Task directions: Print each entry word for word without images.

Stored items:
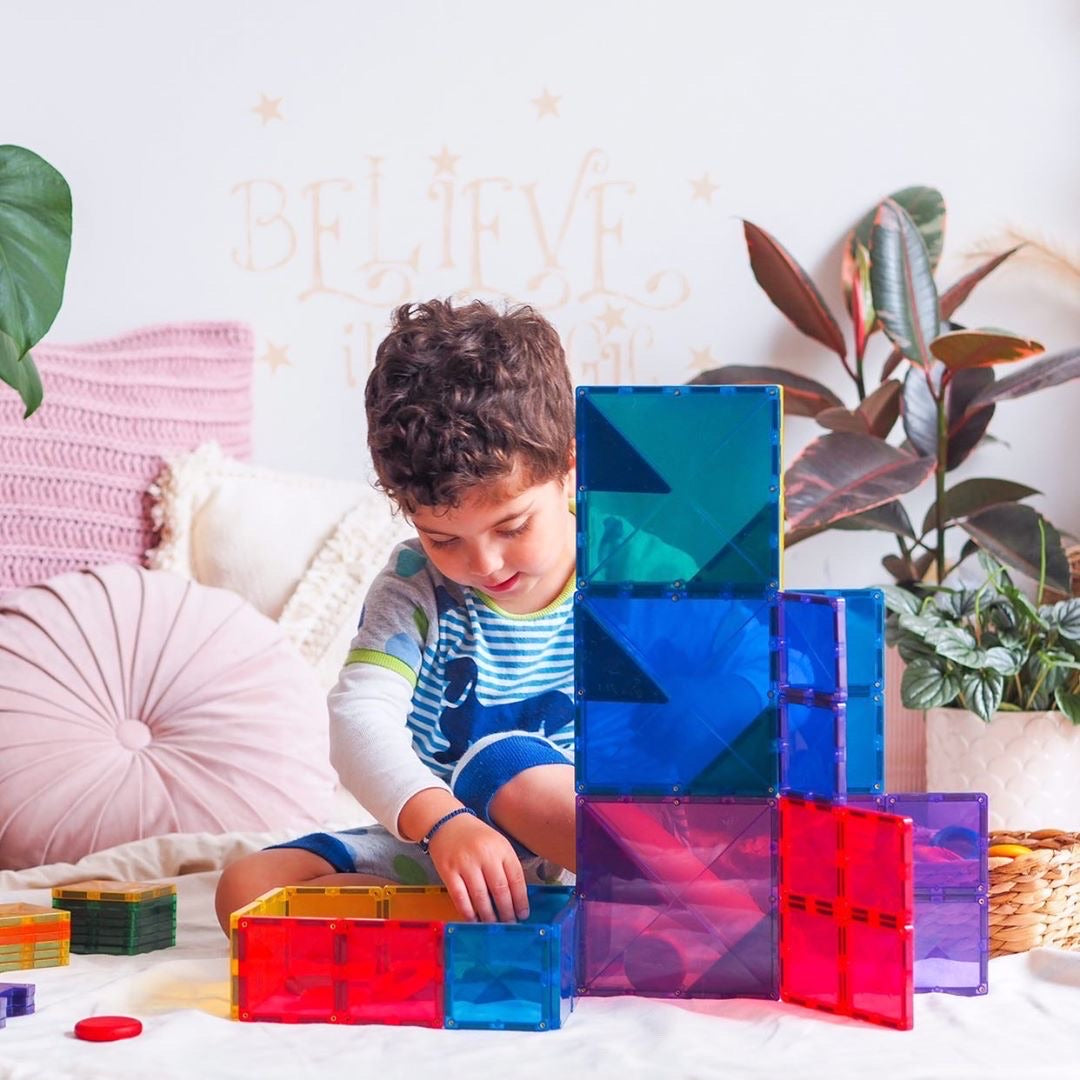 Rainbow Connetix Tiles - 102 Piece Creative Pack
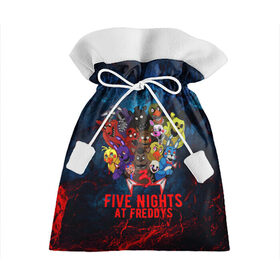 Подарочный 3D мешок с принтом Five Nights At Freddys в Белгороде, 100% полиэстер | Размер: 29*39 см | 5 ночей с фредди | five nights at freddys | fnaf | horror | nightmare | страшилки | ужасы | фнаф | фредди фазбер | хоррор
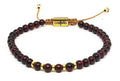 Hand Made Bracelet 925' Gold Plated, Garnet stone 4mm | Castello Jewels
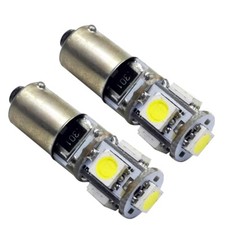 Coppia Luci Posizione 5 Led H6w Bax9s Per Bmw Serie 1 3 6000k Canbus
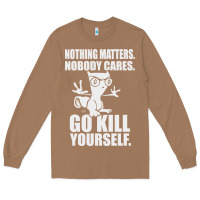 Toasted Coconut kill yourself classic foamy the squirrel Long Sleeve Tee - linhVisuals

Result for this exercise:
 Rainbow Connetix Tiles - 102 Piece Creative Pack
 Подарочный 3D мешок с принтом Five Nights At Freddys в Белгороде, 100% полиэстер | Размер: 29*39 см | 5 ночей с фредди | five nights at freddys | fnaf | horror | nightmare | страшилки | ужасы | фнаф | фредди фазбер | хоррор
 Hand Made Bracelet 925' Gold Plated, Garnet stone 4mm | Castello Jewels
 Coppia Luci Posizione 5 Led H6w Bax9s Per Bmw Serie 1 3 6000k Canbus
 Toasted Coconut kill yourself classic foamy the squirrel Long Sleeve Tee - linhVisuals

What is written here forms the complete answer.